The pyramid structure of the present invention's entirety in flat-top, top cover is made up of the refractory fibrous material of densification; Base material using graphite sheet as heat compensation cavity, its section is upper narrow opening, the gradual change cavity configuration that bottom is wider, cavity configuration is totally in class right-angle triangle, wherein, the inclined-plane of inside cavity can be plane, also can be the curved surface of indent a little.The material of the different thermal radiation emittance of heat compensation cavity liner, as required, can select fiberboard, graphite cake, refractory brick, the differing materials such as pottery; Cavity outer side covers has thermal insulation layer and device case, and thermal insulation layer can adopt refractory brick, refractory fibre or resistant to elevated temperatures porous material, and device case adopts 4 ~ 10mm Plate Steel.Top is provided with heating unit, and heating unit can adopt graphite heating plate, is placed in directly over crucible, and extends to cavity top, higher than cavity open top 3 ~ 10mm, carries out heating and thermal insulation, power adjustable by thermal radiation to silicon liquid surface and inside cavity.Heat compensation inside cavity buries thermopair underground, collecting temperature signal, transfers to temperature controlling system process; Temperature controlling system comprises thermopair, signal collection and analysis equipment, microcomputer, thermosistor etc., can be controlled the output rating of cavity top firing device voluntarily, also can carry out manual intervention control by temperature controlling system.

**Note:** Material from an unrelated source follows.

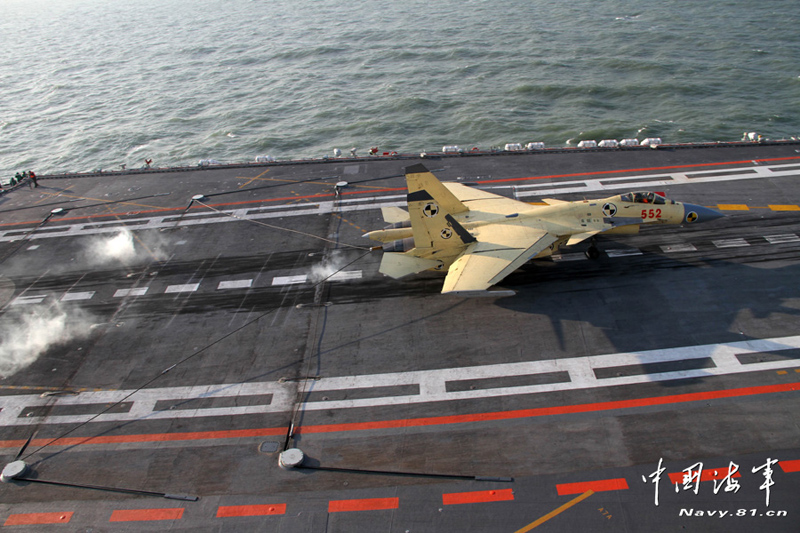 A PLA Navy's J-15 jet fighter practises take-off and landing on the country's first aircraft carrier, the Liaoning. [Photo / Navy.81.cn]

The present invention is around being arranged on outside directional freeze crucible, and both fit tightly by contact surface; Can installation and removal be facilitated, be conducive to the repacking of conventional apparatus for directional solidification; Silicon liquid slowly pour directional freeze crucible into after can being melted by other equipment, and carries out forced-ventilation heat radiation by the heating panel of crucible bottom, and silicon directional freeze from bottom to top gradually in container, obtains highly purified polysilicon after cooling.

Claims (1)

1. a sidewall heat compensation device for polysilicon directional freezing equipment, is characterized in that being provided with top cover, heating unit, housing, thermal insulation layer, cavity, crucible, heating panel; Described top cover is located at the top of housing, heating unit, cavity and crucible are located in housing, described cavity is axially symmetric structure, cavity be centered around crucible outer side and with crucible close contact, the section of cavity is up-narrow and down-wide gradual change type triangular structure of right angle, the inclined-plane of right-angle triangle is inner sunken face, and the angle on bottom surface and inclined-plane is 73 ° ~ 78 °; Heating unit is located at above crucible, and the edge of heating unit extends to cavity top and higher than cavity hatch 3 ~ 10mm; Described thermal insulation layer be wrapped in outside cavity with bottom, hold silicon liquid in crucible, heating panel to be placed in immediately below crucible and to fit tightly with crucible; The thickness of described thermal insulation layer is 100 ~ 350mm.